*Material for this exercise:*
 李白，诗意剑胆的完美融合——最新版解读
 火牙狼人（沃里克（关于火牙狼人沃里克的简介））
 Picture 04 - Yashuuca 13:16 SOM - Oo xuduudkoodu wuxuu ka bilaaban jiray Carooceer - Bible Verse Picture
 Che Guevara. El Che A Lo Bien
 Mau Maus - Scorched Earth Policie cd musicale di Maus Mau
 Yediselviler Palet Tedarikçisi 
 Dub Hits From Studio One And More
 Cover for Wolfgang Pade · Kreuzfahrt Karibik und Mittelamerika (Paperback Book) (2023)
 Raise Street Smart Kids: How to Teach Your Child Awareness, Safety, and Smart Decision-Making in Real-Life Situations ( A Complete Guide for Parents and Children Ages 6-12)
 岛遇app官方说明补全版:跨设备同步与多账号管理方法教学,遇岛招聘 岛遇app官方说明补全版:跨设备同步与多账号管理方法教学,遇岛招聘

*Exercise instructions:* Copy the lines above, please. Keep them exact.

*Your solution:*
 李白，诗意剑胆的完美融合——最新版解读
 火牙狼人（沃里克（关于火牙狼人沃里克的简介））
 Picture 04 - Yashuuca 13:16 SOM - Oo xuduudkoodu wuxuu ka bilaaban jiray Carooceer - Bible Verse Picture
 Che Guevara. El Che A Lo Bien
 Mau Maus - Scorched Earth Policie cd musicale di Maus Mau
 Yediselviler Palet Tedarikçisi 
 Dub Hits From Studio One And More
 Cover for Wolfgang Pade · Kreuzfahrt Karibik und Mittelamerika (Paperback Book) (2023)
 Raise Street Smart Kids: How to Teach Your Child Awareness, Safety, and Smart Decision-Making in Real-Life Situations ( A Complete Guide for Parents and Children Ages 6-12)
 岛遇app官方说明补全版:跨设备同步与多账号管理方法教学,遇岛招聘 岛遇app官方说明补全版:跨设备同步与多账号管理方法教学,遇岛招聘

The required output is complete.